Calculate percentiles on real time running performance with Aerospike!


#1

Hi all,

I am working on a problem. We have a large set of data which contains 4 million records. Saying we have 2 bins naming basic_salary and gender staying in the same set. Each bin has 4 millions rows. Now, I want to calculate the percentiles of basic salary where gender is Male or female. One of the tricky requirement is to compute the percentiles in real time running performance like saying 1-2 seconds.

I went through the Aerospike document and I have a feeling that MapReduce with Clustering system might be the answer. However, I have no idea how to build that kind of system because I have worked with Aerospike for just few days.

Any body has the same experience can help me to figure out the solution for my real problem?

I highly appreciated that.

Many thanks


#2

This is not use case for key-value databases. Hadoop mapreduce is possible but you cant have such low latency and you need hadoop cluster.
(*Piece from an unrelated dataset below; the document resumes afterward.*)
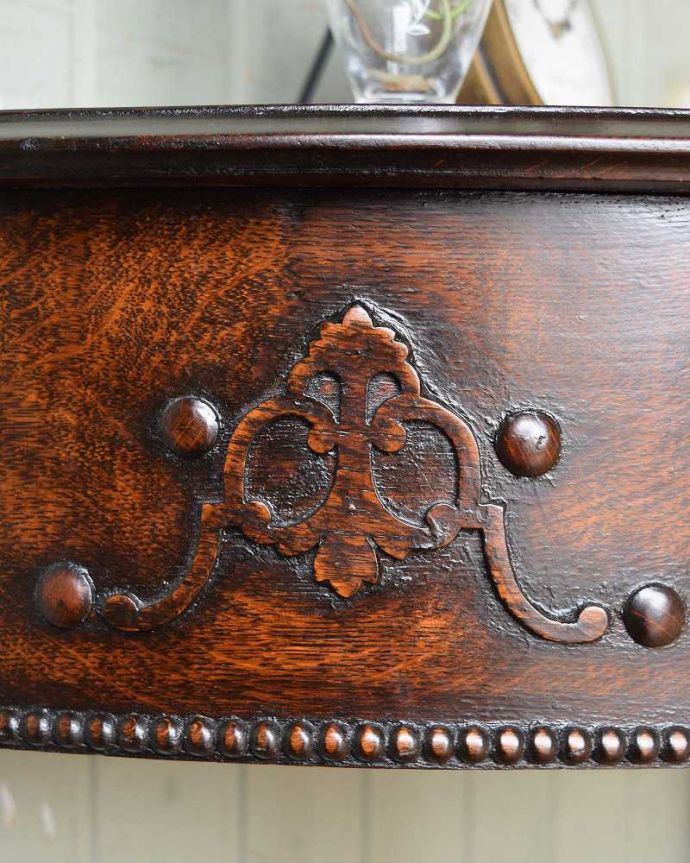 アンティークのテーブル　アンティーク家具　落ち着いたシックで上質な空間を演出する、英国らしいアンティークのコンソールテーブル。風合いたっぷりの装飾が施されています。(q-1279-f)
I would try some streaming system e.g. Kafka Stream.


#3

You can use stream udfs in Aerospike to do aggregations. First, each record has two bins - so “each bin has 4 million rows” is sort of incorrect to say. You have 4 million records with each record having two bins - salary and gender. You can build a secondary index on gender and feed the results of the SI query into a stream udf to compute the percentiles … fairly straightforward. Will have to test and see on the 1 to 2 seconds timing requirement though. Can you provide an example with 10 sample records on the exact computation that you want?


#4

Hi @pgupta

Thank you for your answer. I have tried to implement doing calculation percentiles on real time but I have not finished that. My init solution is

  1. I init 4M records and put to Aerospike by running a for loop from 1 to 4M. Each key is the index or iterated number of the loop; each key has 2 bins which are basic_salary and gender.

  2. I have a simple method call FilterByGender. Inside the method, I have created the secondary index on Gender bin. Register UDF function. Inside the udf function, in order to calculate the percentiles I have to sort all the filtered record first. After that, I will calculate the percentile on the sorted list.
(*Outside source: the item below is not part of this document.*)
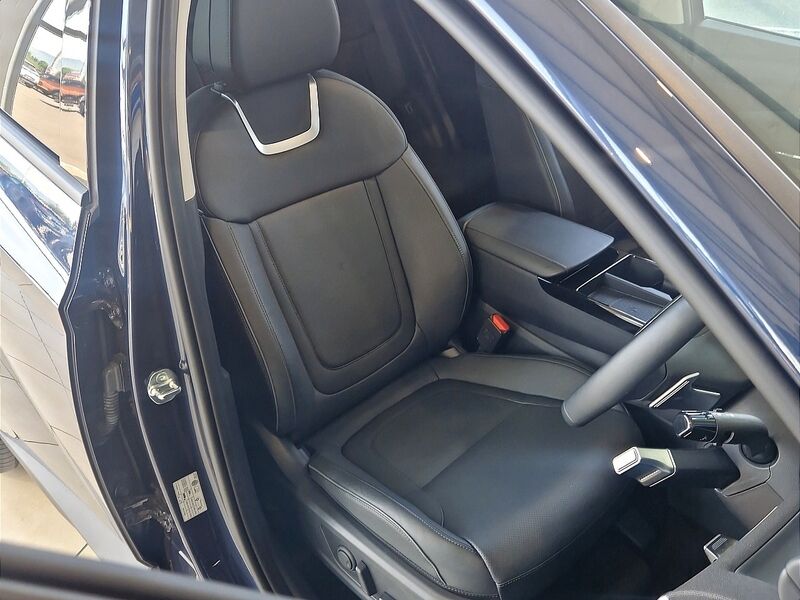 More views of Hyundai Tucson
I am writing the UDF function and it is not easy for me as LUA is new language for me. However, I got a feeling that for whatever reasons, if you try to sort the list then you have to spend O(nlogn) time complexity. You can imagine that N is very large now then. I might be wrong but I think using only one server/node is not enough. I think we might need to use distributed system but I have very limited knowledge on Aerospike so I am trying my best to implement the solution on Distributed system using Aerospike.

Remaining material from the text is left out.